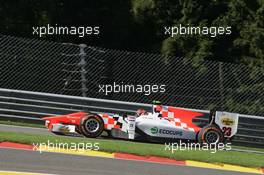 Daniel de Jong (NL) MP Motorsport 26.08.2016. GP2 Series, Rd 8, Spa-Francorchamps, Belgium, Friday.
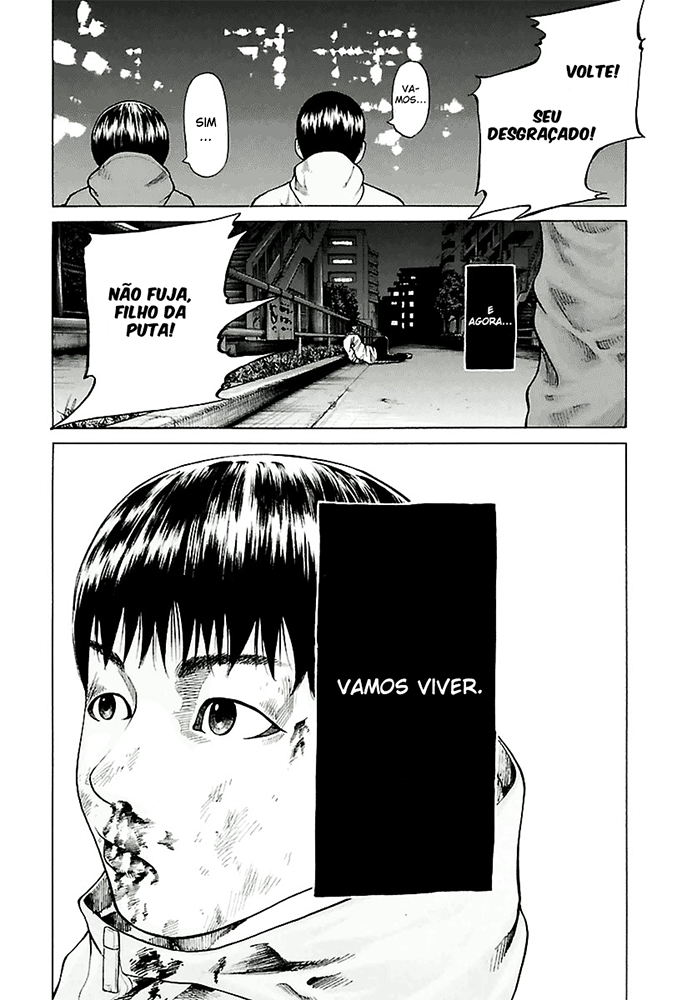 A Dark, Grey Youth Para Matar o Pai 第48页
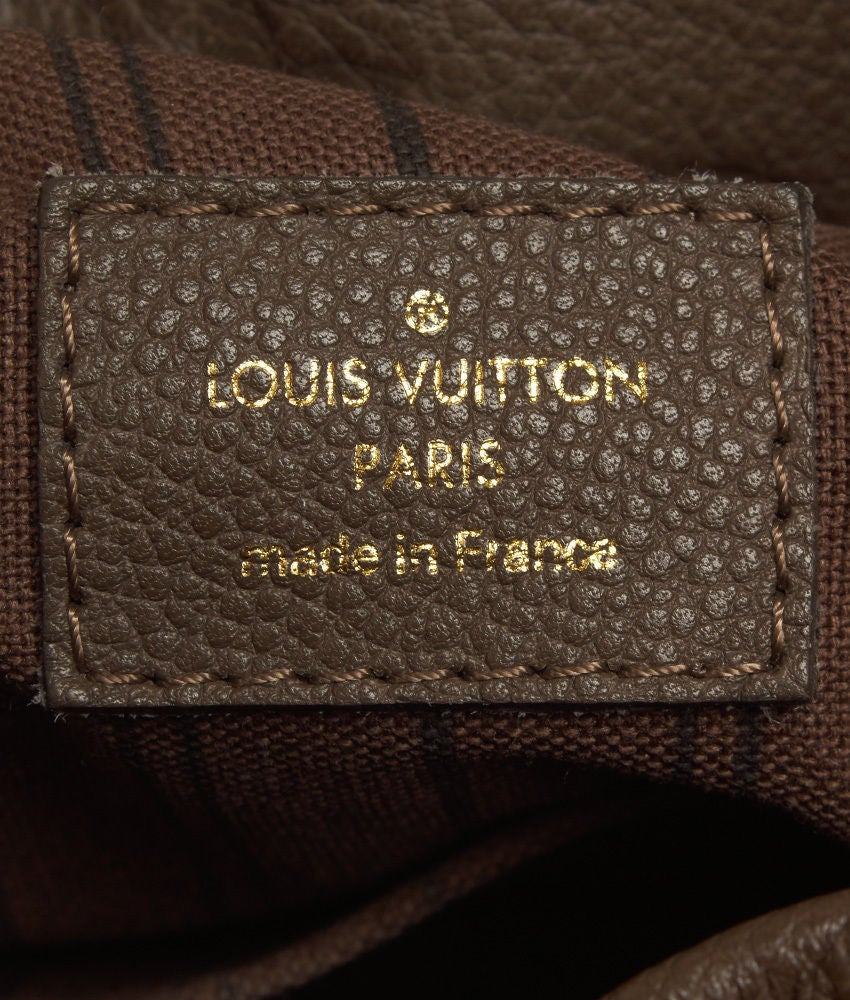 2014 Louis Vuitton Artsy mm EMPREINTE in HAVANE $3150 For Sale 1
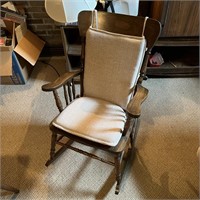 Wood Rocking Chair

━━━━━━━━━━━━━━━━

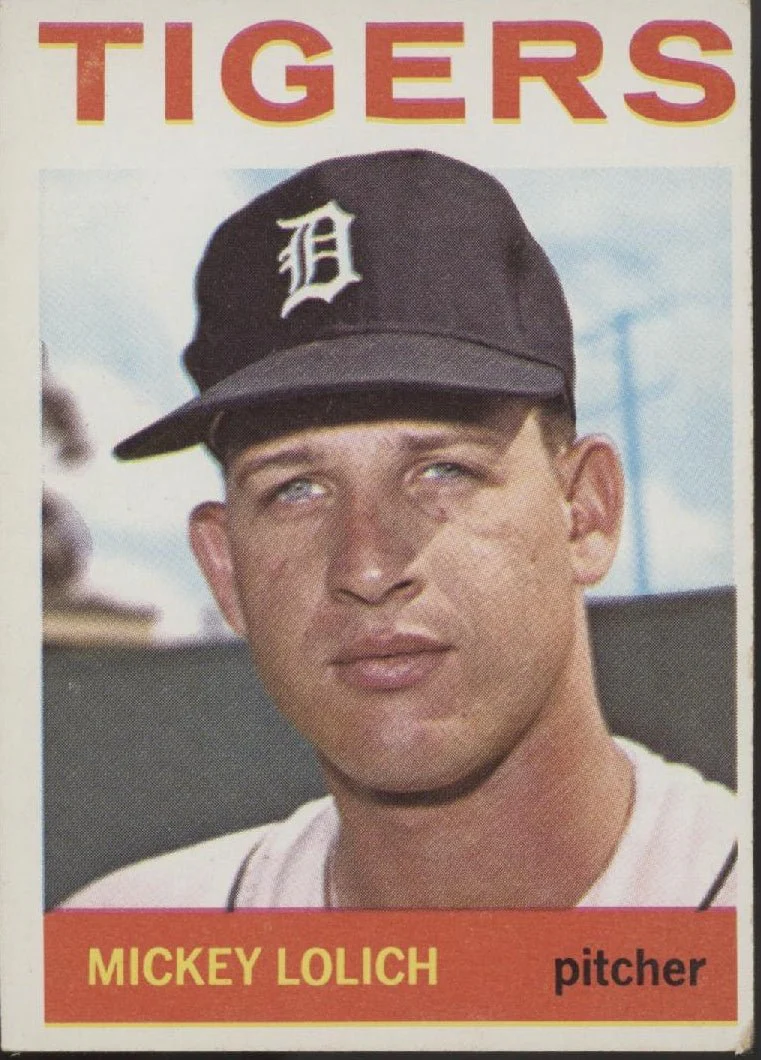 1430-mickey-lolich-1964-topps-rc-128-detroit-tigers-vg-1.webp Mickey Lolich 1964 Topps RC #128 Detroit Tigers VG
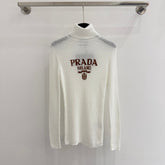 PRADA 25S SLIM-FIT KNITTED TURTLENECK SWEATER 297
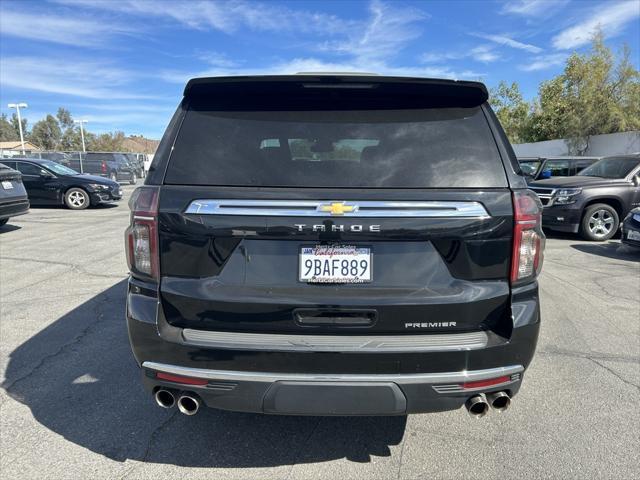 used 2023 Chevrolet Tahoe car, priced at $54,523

━━━━━━━━━━━━━━━━

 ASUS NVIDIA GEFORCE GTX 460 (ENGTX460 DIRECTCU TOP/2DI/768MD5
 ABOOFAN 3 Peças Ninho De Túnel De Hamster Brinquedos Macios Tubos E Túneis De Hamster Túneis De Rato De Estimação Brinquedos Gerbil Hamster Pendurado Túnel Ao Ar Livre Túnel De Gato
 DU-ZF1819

━━━━━━━━━━━━━━━━

■ **WHAT THE EXERCISE ASKS**
Leave the pictures out. Output, exactly, the lines of the material above starting at the line containing "Daniel de Jong" and ending at the line containing "Wood Rocking Chair".

■ **SOLUTION FOR THIS TASK**
 Daniel de Jong (NL) MP Motorsport 26.08.2016. GP2 Series, Rd 8, Spa-Francorchamps, Belgium, Friday.
 A Dark, Grey Youth Para Matar o Pai 第48页
 2014 Louis Vuitton Artsy mm EMPREINTE in HAVANE $3150 For Sale 1
 Wood Rocking Chair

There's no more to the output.